--- Information shown ---

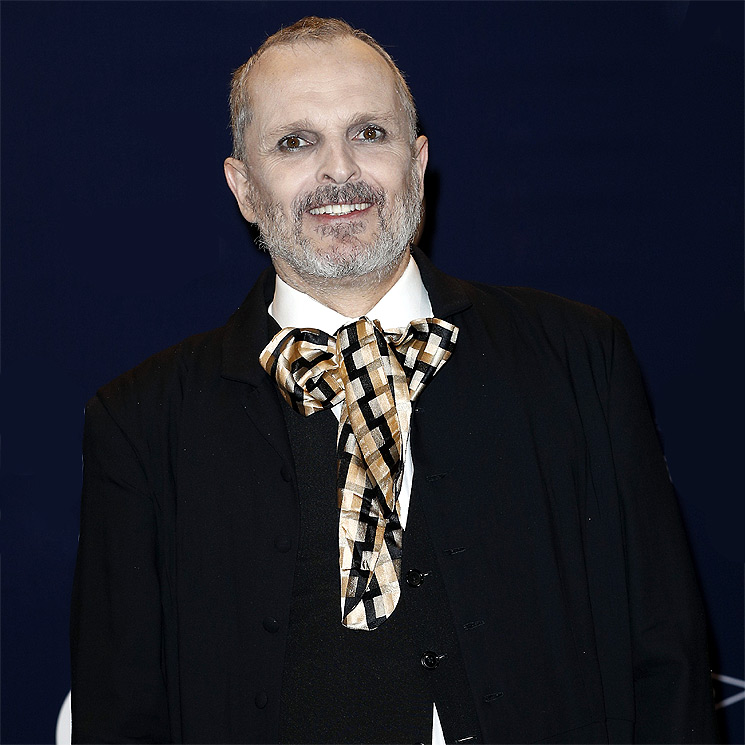 Rodeado de amigos, Miguel Bosé disfruta del Gran Premio de México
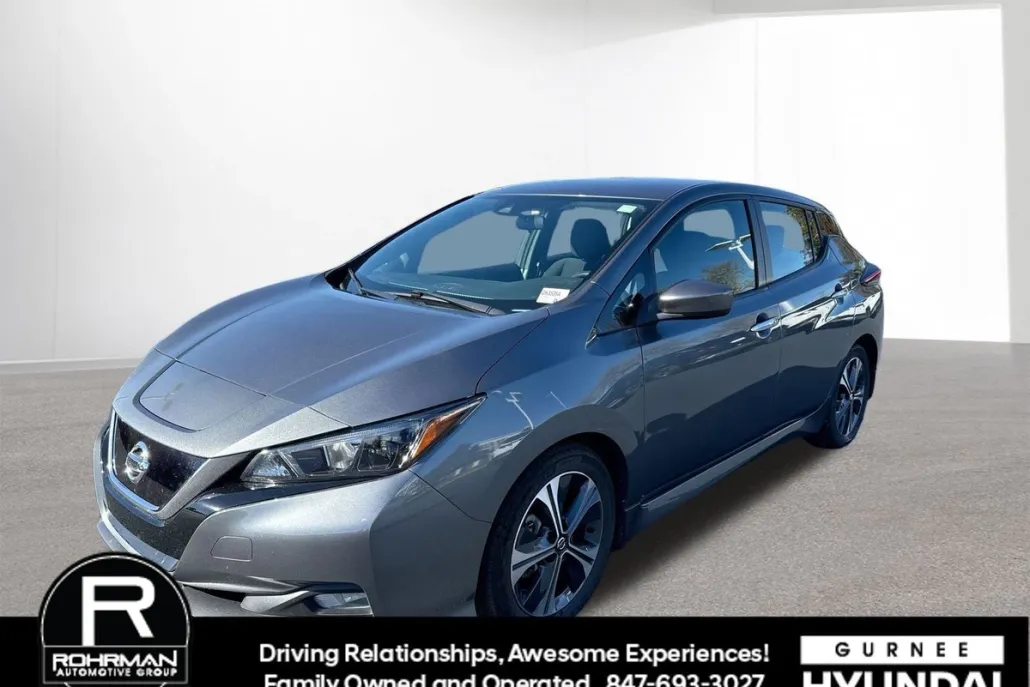 2020 Nissan Leaf SV photo 1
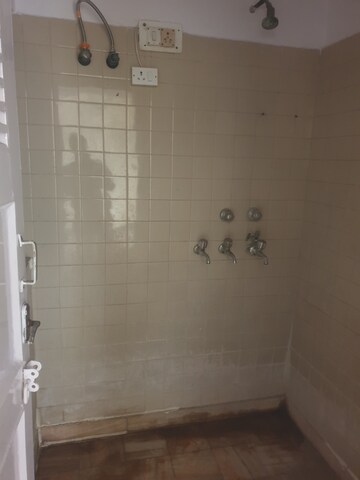 Bathroom in 3 BHK Independent House at Sector 16 – for Rent
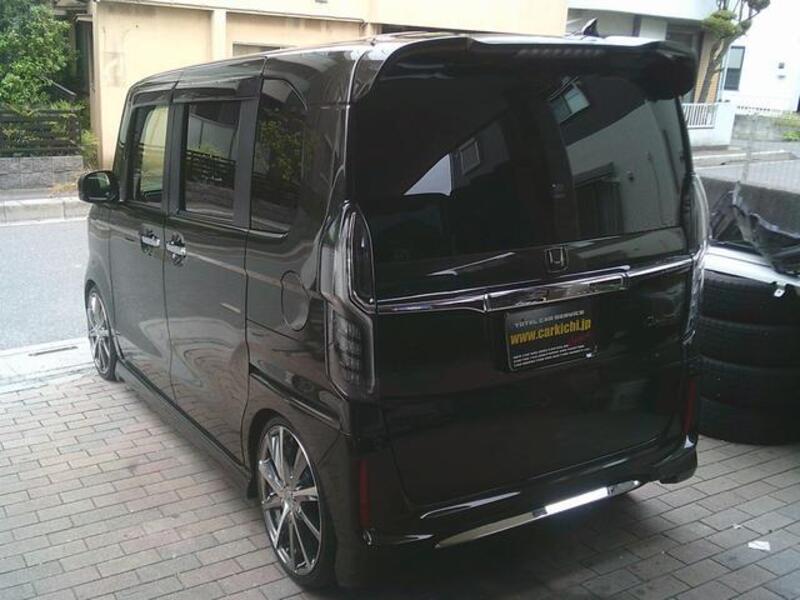 N BOX CUSTOM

---

◆ Task description
Here the job is to quote the lines from the one with "Bathroom in 3" through the end of the material, both included, exactly; please skip the pictures.

◆ Response to this exercise
 Bathroom in 3 BHK Independent House at Sector 16 – for Rent
 N BOX CUSTOM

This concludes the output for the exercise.